2. The method for detecting the action normativity based on the time consistency comparison learning as claimed in claim 1, wherein the second step is specifically as follows:

setting non-cutting video data as

，

For the video of the i-th frame,

Wherein

Is an RGB image having a height H x W,

，

I.e. strongly enhanced data, weakly enhanced image sequence of

I.e. weak enhancement data;

the weak data enhancement mode is color enhancement combined with scale transformation, and the strong data enhancement mode is video segment replacement combined with scale transformation; the video clip is replaced by: and (3) dividing the video into any section not greater than M, and randomly disturbing the divided sections.

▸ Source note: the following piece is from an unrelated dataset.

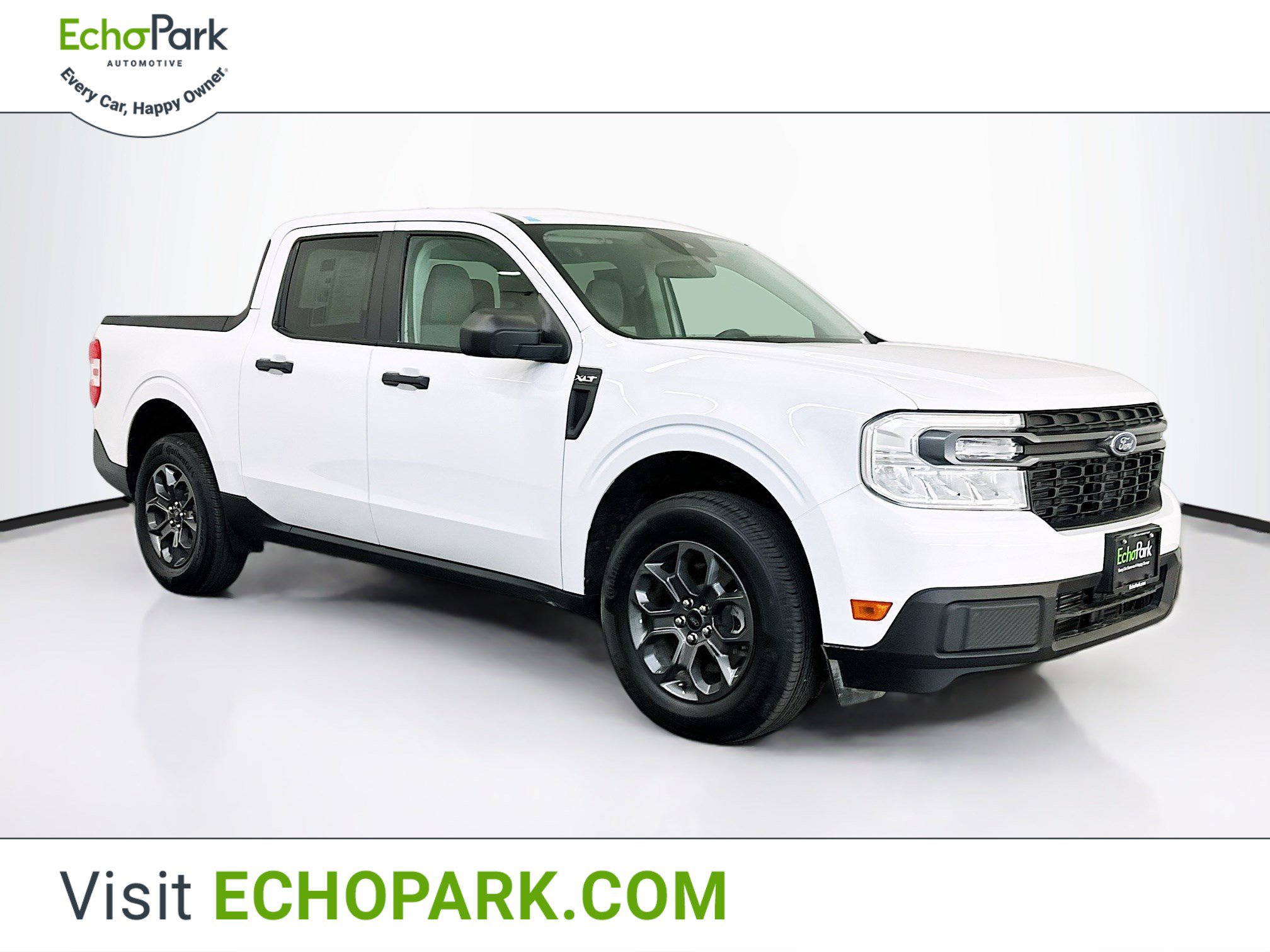 Used 2024 Ford Maverick XLT w/ Equipment Group 300A Standard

3. The method for detecting the action normativity based on the time consistency comparison learning as claimed in claim 2, wherein the third step is specifically as follows:

And

mapping the high-dimensional features by a 3D ResNet50 self-encoder

Wherein

To represent

Or

，

，

As a function of the 3D ResNet50,

，

for outputting the feature vector dimensions, i.e. features from strong enhancement data obtained after passing through the self-encoder

And features of weakly enhanced data

。

4. The method for detecting the normative behavior based on the time consistency comparison learning as claimed in claim 3, wherein the fourth step comprises the following substeps:

step 4.1, the characteristics of the data are enhanced strongly

And features of weakly enhanced data

And

wherein

step 4.2, for the image characteristic sequence output in the step 4.1

And

In that

In the nearest neighbor frame

To obtain

Back to back calculation

In that

In the nearest neighbor frame

Wherein

，

，

Representing a sequence of image features

：

，

,

，

Wherein

And

individual watchImage feature sequence

The j and k frames in (1) weakly enhance image features,

to represent

And

a measure of the degree of similarity between the two,

the presence of a real label is indicated,

representing a predicted value;

And action end frame set

and

and

5. The method for detecting the normative behavior based on the time consistency comparison learning as claimed in claim 4, wherein the step five comprises the following substeps:

step 5.1, the image feature sequence output in the step 4.1 is processed

And

And

wherein

For the ith frame strong enhancement image perception feature map,

And

unify the length of the similar action sequence, get

And

Wherein the positive sample

Number N, negative example

The number is 2 rho B-N, B represents the number of input videos, and a contrast loss function is defined by using cosine similarity calculation

：

Wherein q represents

And

all the segments of which the similarity is to be calculated,

is a temperature-over-parameter that is,

denotes the cosine similarity between q and k, where k denotes

And

。

6. the method for detecting the action normativity based on the time consistency comparison learning as claimed in claim 5, wherein the sixth step is specifically as follows:

7. An action normative detection device based on time consistency comparison learning, which is characterized by comprising one or more processors and is used for realizing the action normative detection method based on time consistency comparison learning of any one of claims 1 to 6.

8. A computer-readable storage medium, characterized in that a program is stored thereon, which when executed by a processor, implements the action normative detection method based on time-consistency comparison learning according to any one of claims 1 to 6.